South Auckland Taxi Association Limited v Rawat
[2015] NZHC 846
•28 April 2015
IN THE HIGH COURT OF NEW ZEALAND AUCKLAND REGISTRY
CIV-2014-404-002432 [2015] NZHC 846
UNDER the Arbitration Act 1996 IN THE MATTER
of an appeal on a question of law from an
Arbitral AwardBETWEEN
SOUTH AUCKLAND TAXI ASSOCIATION LIMITED Appellant
AND
JAG MOHAN SINGH RAWAT AND MANPREET KAUR
Respondents
Hearing: 14 April 2015 Appearances:
W A Endean for Appellant
S Sharma for RespondentsJudgment:
28 April 2015
JUDGMENT OF WOOLFORD J
This judgment is delivered by me on Tuesday, 28 April 2015 at 4.30 pm pursuant to r 11.5 of the High Court Rules.
..................................................... Registrar / Deputy Registrar
Solicitors/Counsel: Dawsons, Howick, Auckland
S Sharma, Henderson, Auckland
SOUTH AUCKLAND TAXI ASSOCIATION LIMITED v JAG MOHAN SINGH RAWAT AND MANPREET KAUR [2015] NZHC 846 [28 April 2015]
Introduction
[1] This is an appeal against an arbitrator’s award. The appellant, South Auckland Taxi Association Limited (South Auckland Taxis), is an approved taxi organisation in terms of s 30P Land Transport Act 1998. The respondents, who are husband and wife, held four shares in the appellant company. As shareholders in the company, the respondents were entitled and did hold passenger service licenses under the Act, which enabled them to carry on a passenger service. By February
2013, the respondents had approximately 10 taxis and employed seven full-time and a number of part-time drivers.
[2] The relationship between the appellant and the respondents was governed by a service agreement signed by the parties. On 24 May 2013, solicitors acting for South Auckland Taxis wrote to the solicitor acting for the respondents, purporting to terminate the agreement. The letter attached a copy of a minute of a meeting of the Board of Directors of South Auckland Taxis held on 22 April 2013 and the resolutions passed at that meeting, one of which was to terminate the agreement with the respondents on the basis of a breach of cl 7(b)(v) of the agreement.
[3] The agreement contained a provision for reference to a single arbitrator in the case of disputes between the parties. In accordance with that provision, a senior barrister, David Carden, was appointed as arbitrator in terms of the Arbitration Act
1996. An arbitration hearing was conducted on 29 April 2014 at which both parties gave evidence, and were represented by counsel.
[4] In an interim award dated 13 June 2014, the arbitrator found that South Auckland Taxis did not have the right to terminate the agreement on the factual basis it purported to have done so. He therefore found that the agreement had been unlawfully cancelled by the appellant. He noted that the respondents were entitled to relief, which could be by damages or by some other relief under the Contractual Remedies Act 1979, which he reserved for later consideration.
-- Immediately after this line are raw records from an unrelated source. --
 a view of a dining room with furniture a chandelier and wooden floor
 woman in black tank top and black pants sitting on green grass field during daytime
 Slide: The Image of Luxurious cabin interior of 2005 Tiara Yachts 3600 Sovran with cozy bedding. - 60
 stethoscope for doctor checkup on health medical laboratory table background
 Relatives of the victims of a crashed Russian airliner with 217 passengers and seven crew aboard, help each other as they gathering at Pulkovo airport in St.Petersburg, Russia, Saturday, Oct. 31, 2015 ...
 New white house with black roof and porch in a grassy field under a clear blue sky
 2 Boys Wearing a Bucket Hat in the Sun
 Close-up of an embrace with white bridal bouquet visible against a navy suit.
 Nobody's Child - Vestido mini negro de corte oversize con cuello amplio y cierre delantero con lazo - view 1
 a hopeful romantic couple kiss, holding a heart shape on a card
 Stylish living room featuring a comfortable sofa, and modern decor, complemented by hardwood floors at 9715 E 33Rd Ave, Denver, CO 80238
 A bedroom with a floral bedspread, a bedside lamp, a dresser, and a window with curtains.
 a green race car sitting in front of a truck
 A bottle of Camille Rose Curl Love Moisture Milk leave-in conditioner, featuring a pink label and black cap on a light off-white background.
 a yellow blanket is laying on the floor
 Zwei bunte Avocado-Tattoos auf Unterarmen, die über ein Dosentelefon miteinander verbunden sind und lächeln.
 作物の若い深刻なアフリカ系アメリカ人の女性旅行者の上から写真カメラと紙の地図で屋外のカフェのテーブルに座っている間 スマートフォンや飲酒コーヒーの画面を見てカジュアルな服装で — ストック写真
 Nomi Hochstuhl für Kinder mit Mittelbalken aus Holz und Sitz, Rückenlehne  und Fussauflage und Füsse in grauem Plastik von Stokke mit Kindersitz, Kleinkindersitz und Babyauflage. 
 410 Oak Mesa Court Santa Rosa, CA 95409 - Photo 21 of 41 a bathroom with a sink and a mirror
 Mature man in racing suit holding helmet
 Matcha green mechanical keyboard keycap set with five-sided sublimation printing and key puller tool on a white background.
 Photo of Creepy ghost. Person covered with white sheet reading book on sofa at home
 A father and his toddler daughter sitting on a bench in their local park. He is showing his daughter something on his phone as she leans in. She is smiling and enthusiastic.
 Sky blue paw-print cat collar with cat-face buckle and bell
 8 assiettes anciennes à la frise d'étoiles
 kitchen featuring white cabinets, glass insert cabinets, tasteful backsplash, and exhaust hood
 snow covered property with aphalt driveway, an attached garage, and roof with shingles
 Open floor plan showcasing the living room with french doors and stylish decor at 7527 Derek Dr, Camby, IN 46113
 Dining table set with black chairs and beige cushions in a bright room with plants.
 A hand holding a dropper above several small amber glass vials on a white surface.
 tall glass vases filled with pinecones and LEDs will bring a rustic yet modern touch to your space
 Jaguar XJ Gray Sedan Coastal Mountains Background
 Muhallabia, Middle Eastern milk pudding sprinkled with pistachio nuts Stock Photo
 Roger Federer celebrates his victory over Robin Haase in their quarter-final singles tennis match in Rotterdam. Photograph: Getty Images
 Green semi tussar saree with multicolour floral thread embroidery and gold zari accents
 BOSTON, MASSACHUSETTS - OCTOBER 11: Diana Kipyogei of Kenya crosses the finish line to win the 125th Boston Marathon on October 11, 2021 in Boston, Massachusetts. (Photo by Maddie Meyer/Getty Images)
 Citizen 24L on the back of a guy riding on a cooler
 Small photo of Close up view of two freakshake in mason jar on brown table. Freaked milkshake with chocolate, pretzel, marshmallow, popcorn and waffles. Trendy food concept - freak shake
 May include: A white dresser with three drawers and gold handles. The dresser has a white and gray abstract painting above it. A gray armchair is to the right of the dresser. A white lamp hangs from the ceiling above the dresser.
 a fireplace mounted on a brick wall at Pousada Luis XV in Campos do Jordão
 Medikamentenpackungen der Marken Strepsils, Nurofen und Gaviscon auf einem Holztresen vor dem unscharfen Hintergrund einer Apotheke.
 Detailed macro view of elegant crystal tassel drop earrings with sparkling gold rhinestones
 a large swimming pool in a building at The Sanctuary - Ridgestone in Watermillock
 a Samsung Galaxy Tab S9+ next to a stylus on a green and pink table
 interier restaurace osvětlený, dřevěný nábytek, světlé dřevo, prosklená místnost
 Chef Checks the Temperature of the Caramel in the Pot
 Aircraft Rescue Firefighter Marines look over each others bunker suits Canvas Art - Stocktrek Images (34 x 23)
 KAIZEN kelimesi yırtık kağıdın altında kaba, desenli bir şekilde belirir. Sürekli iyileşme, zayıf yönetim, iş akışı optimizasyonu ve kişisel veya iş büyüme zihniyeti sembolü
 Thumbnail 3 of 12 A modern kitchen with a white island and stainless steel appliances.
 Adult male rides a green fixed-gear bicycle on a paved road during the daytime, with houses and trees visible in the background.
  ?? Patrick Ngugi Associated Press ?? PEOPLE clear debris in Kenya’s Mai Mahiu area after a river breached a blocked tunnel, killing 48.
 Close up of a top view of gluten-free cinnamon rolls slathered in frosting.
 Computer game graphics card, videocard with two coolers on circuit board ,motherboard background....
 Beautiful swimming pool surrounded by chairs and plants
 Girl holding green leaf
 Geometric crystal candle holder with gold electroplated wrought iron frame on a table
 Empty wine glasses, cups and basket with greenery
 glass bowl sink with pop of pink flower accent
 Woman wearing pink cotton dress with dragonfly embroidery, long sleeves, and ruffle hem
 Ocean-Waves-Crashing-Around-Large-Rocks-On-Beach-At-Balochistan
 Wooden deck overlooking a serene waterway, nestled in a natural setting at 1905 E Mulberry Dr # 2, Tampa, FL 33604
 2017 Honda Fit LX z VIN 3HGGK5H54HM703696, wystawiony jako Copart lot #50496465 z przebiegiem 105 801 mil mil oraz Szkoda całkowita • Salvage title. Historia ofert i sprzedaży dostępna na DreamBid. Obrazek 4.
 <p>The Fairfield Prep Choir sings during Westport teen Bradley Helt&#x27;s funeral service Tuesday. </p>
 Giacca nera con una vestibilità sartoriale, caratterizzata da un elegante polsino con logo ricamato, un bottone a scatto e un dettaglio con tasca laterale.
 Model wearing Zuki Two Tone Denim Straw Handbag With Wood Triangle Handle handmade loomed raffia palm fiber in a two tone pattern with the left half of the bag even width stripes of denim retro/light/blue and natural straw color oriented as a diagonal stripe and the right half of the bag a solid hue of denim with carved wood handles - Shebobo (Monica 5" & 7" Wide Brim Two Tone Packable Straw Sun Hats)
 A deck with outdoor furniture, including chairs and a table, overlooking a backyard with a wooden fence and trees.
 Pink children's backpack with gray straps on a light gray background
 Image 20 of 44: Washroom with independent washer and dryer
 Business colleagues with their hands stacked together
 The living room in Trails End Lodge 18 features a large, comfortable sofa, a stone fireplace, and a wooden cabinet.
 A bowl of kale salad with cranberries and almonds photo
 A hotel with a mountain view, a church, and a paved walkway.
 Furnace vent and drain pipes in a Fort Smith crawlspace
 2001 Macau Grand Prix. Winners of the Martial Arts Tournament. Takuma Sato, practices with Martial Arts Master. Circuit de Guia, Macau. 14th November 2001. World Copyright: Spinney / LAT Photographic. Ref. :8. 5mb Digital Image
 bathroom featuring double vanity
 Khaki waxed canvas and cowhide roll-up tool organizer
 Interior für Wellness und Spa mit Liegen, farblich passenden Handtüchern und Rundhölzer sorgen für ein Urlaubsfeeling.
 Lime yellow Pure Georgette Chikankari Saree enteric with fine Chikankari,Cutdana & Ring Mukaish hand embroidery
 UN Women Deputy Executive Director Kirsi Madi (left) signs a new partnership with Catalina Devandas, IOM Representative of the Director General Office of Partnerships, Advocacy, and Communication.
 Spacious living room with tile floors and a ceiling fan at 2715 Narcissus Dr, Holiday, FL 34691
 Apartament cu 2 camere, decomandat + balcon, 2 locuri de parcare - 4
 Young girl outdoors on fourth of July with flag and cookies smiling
[5] Clause 5(1) of Schedule 2 to the Arbitration Act 1996 provides that any party may appeal to the High Court on any question of law arising out of an award if the
parties had so agreed before the making of the award or with the leave of the High
Court.
[6] On 12 September 2014, three months after the arbitral award, the appellant filed an application for leave to appeal. When first called in the High Court, the parties sought an adjournment on the basis of settlement discussions. These proved to be unsuccessful and by memorandum of 4 December 2014, the parties sought a half day fixture. A half day fixture was then allocated for 14 April 2015. When the matter was first called on 14 April 2015, the parties advised the Court that the application for leave to appeal should be treated as an appeal because when they referred the dispute to arbitration, the parties specifically deleted a provision which would have removed the right of appeal. Both therefore considered that they had agreed on a right of appeal. I therefore treated the application for leave to appeal as an appeal.
Factual background
[7] In November 2012, South Auckland Taxis lost a Ministry of Education tender for the provision of disability transport in the Auckland area. According to the appellant’s manager, this had a dire impact on the appellant and its shareholders’ profitability.
[8] In January 2013, the appellant negotiated separately with the taxi companies who had been successful in the tender to secure a sub-contracting arrangement. Ultimately, the appellant entered into a sub-contracting agreement with one of these companies, Alert Taxis Limited.
[9] In February 2013, Mr Tapas Ghosh, who was described by one of the respondents, Mr Rawat, as a good friend, contacted Mr Rawat, who was out of Auckland at the time, asking for some assistance with taxi mobility (TM) jobs, as he did not have enough drivers to carry out the work he had available.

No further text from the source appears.